Due to the large range of TVs, a reliable resection threshold with prognostic impact could not be determined. When RTV was stratified by quartiles (Q), no RTV (Q1) was associated with prolonged PFS-2 compared to all other quartiles (Q2: 0.21–4.49 cm^3^; Q3: 4.6–14.8 cm^3^; Q4: 15.0–157.4 cm^3^).

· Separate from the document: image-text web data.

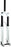 Manitou Circus Expert Straight TA-D 26" Fork, 100mm, White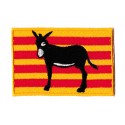 Parche bandera termoadhesivo burro catalán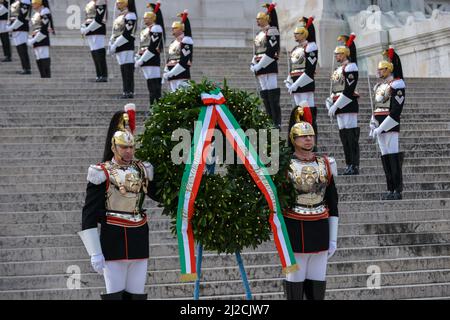 Rom, Italien 25/04/2013: Feierlichkeiten zum Befreiungstag im Altare della Patria. ©Andrea Sabbadini Stockfoto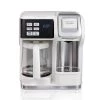 Hamilton Beach FlexBrew 2-Way 12-Cup White Drip Coffee Maker with Built-In Timer 1 Hamilton Beach FlexBrew 2-Way 12-Cup White Drip Coffee Maker with Built-In Timer -Air Fryers shop white hamilton beach drip coffee makers 49947 64 1000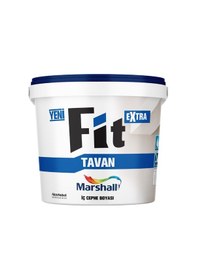 Resim Marshall Fit Extra Tavan Boyası 17,5 Kg Beyaz 17.5 KG 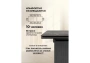 Керамический стол Woodville Монерон 180x90 nero marquina / черный
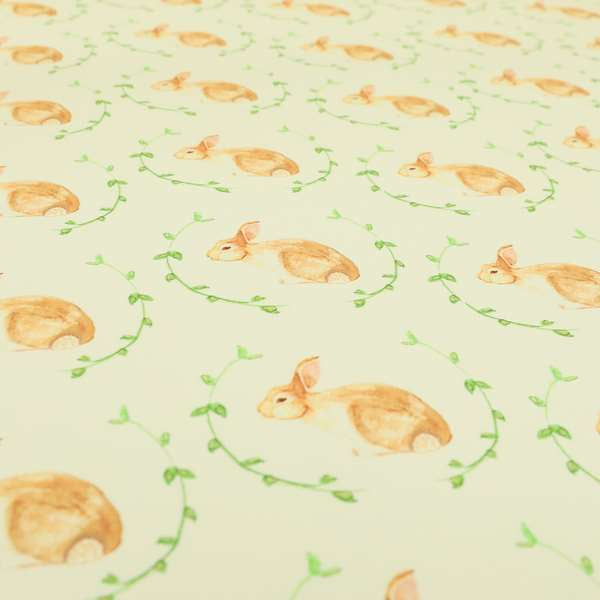 Freedom Printed Velvet Fabric Rabbit Animal Theme Pattern Upholstery Fabrics CTR-448 - Made To Measure Curtains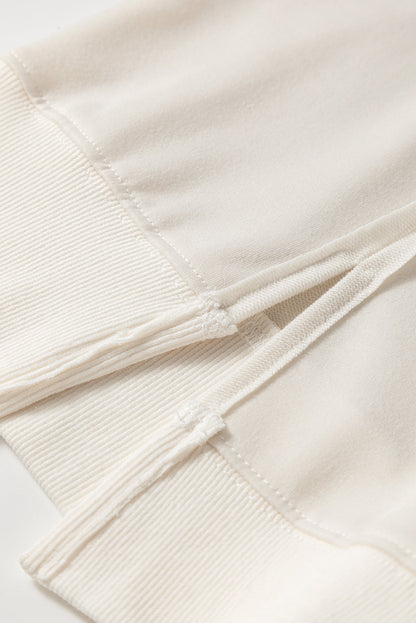 Threaded Pear Anika Seam Patchwork top Long Sleeve Top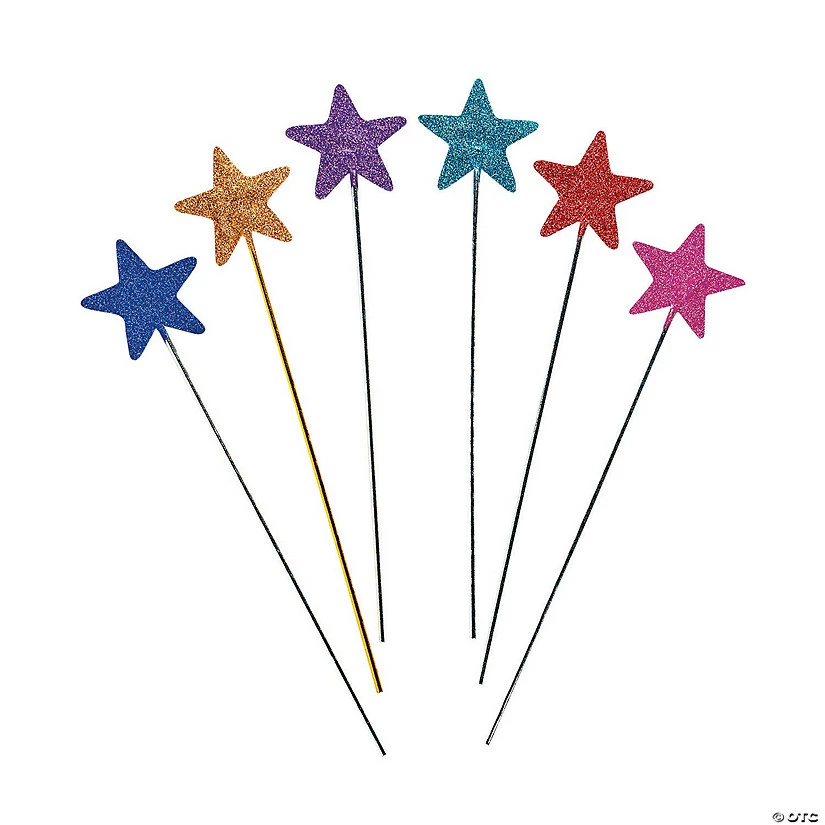 Wholesale π Bright & Glittery Star Wands- 12 Pc. π 3 Wholesale π Bright & Glittery Star Wands- 12 Pc. π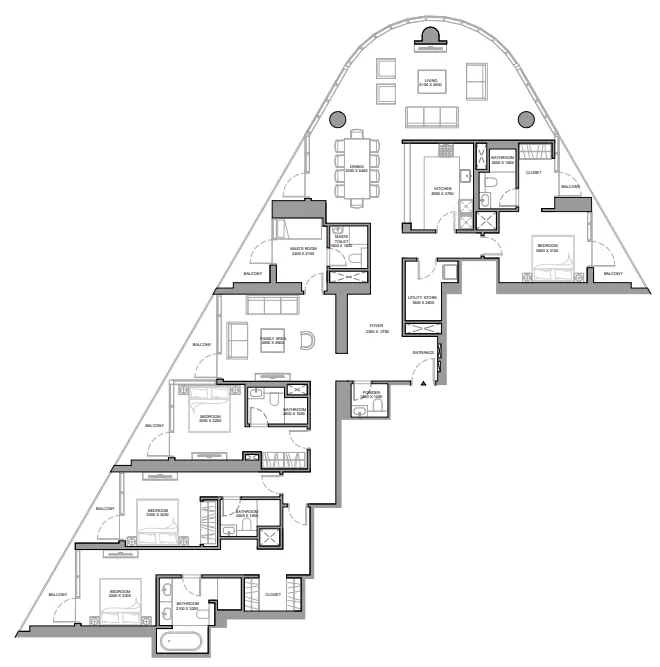 Skyvue Stellar — планировка 4 BR Type C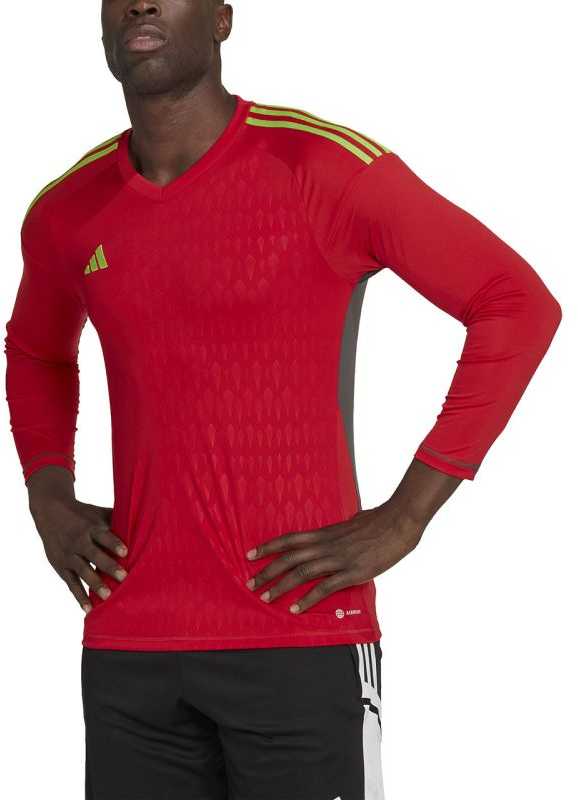 „Adidas Tiro 23 Competition“ vyrų vartininko marškinėliai ilgomis rankovėmis, raudoni HL0007 (L)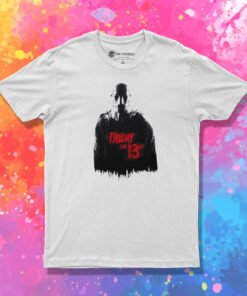 Friday the 13th Jason and Red Logo T Shirt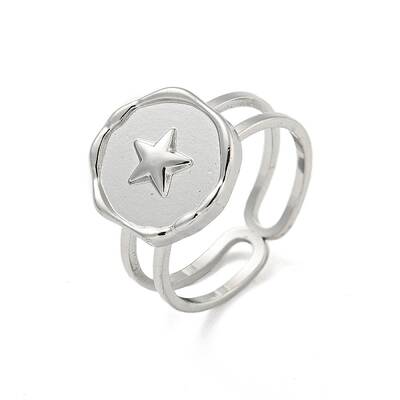 Non-Tarnish 304 Stainless Steel Open Cuff Rings
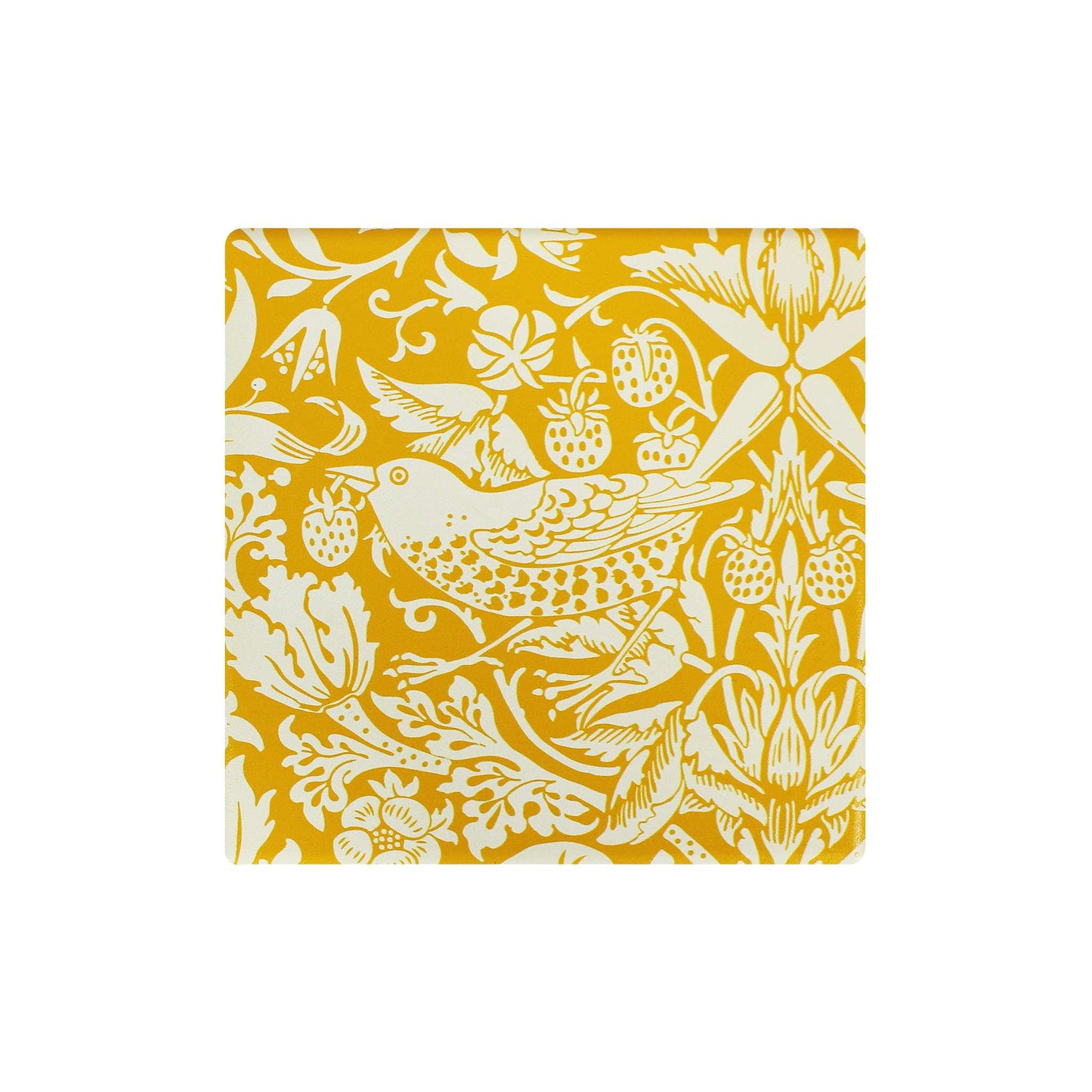 Set of 2 ACS William Morris Ceramic Coasters (Quince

However, no significant PFS-2 difference was observed when Q2-4 were compared against each other (Fig. 2e).
When RTV was further stratified by tumor subtypes, mPFS-2 was longest in oligodendroglioma and astrocytoma patients without RTV (not reached), followed by oligodendroglioma and astrocytoma patients without RTV (93 and 57 months, respectively) (Suppl. Figure S2e).
Risk profile of repeat resections
For maximal safe resection, intraoperative MRI was used in 94% (n = 47), awake surgery in 16% (n = 8) and asleep surgery guided by intraoperative neuromonitoring (IONM) in 12% (n = 6) (Table 3). After surgery, 6 patients (12%), all with RTV, experienced neurological deterioration, presenting with a new motor deficit in all cases, but only 1 patient remained with a permanent motor deficit (2%) (Table 3). Accordingly, the proportions of patients with KPS ≥ 90 and NANO = 0 remained stable comparing the preoperative situation to the status at 7 days (KPS: n = 42 vs. 38, p = 0.375; NANO: n = 38 vs. 34, p = 0.688) and 3 months (KPS: n = 42 vs. 36, p = 0.219; NANO: n = 38 vs. 32, p = 0.453) postoperatively (Fig. 2f,g). Surgical revision for a postoperative complication was required in 2 patients (4%): one due to cerebrospinal fluid (CSF) fistula and one due to impaired wound healing (Table 3). In two additional patients (4%), subcutaneous CSF collections resolved spontaneously.
Discussion
In this cohort of molecularly characterized recurrent lower-grade glioma, repeat resection at 1^st^ recurrence was associated with prolonged PFS-2 (median 7.75 years) and low rates of neurological (2%) and surgical (4%) complications. Particularly, GTR prolonged PFS-2 compared to any incomplete resection or non-surgical treatment.
At 1^st^ diagnosis, the prognostic benefit of maximized resections is established, although interpretation must consider evolving diagnostic criteria for lower-grade gliomas. Recently, Hervey-Jumper et al. analyzed the combined effects of TVs, molecular factors and adjuvant treatment on outcome in IDHmut astrocytoma and oligodendroglioma WHO grade 2 [8]. Across both subtypes, EOR ≥75% improved OS, while EOR ≥80% improved PFS.
At recurrence, the evidence supporting reoperation is sparse. The AANS/CNS guidelines for recurrent glioma WHO grade 2 concluded that data were insufficient to recommend repeat resection for improving outcome [17]. Ramakrishna et al. reported on 52 WHO grade 2 glioma patients undergoing reoperation [14]. Median OS (12.95 years) was prolonged in patients without residual FLAIR tumor after 1^st^ or 2^nd^ resection. Malignant transformation to WHO grade 3 or 4 (22 patients) and residual tumor after reoperation were associated with shorter PFS-2. Spitaels et al. reported on 35 WHO grade 2 glioma patients, of whom 25 underwent repeat resection [15]. Malignant transformation was noted in 6 cases. PFS-2 was significantly prolonged in patients with adjuvant treatment after repeat resection or non-surgical treatment compared to watchful waiting. However, volumetric EOR and molecular status including IDH were not investigated in both studies. Shofty et al. observed prolonged OS (11.2 vs. 5.5 years) and delayed malignant transformation in reoperated IDHmut patients (n = 50) compared to non-surgical patients (n = 22) [16].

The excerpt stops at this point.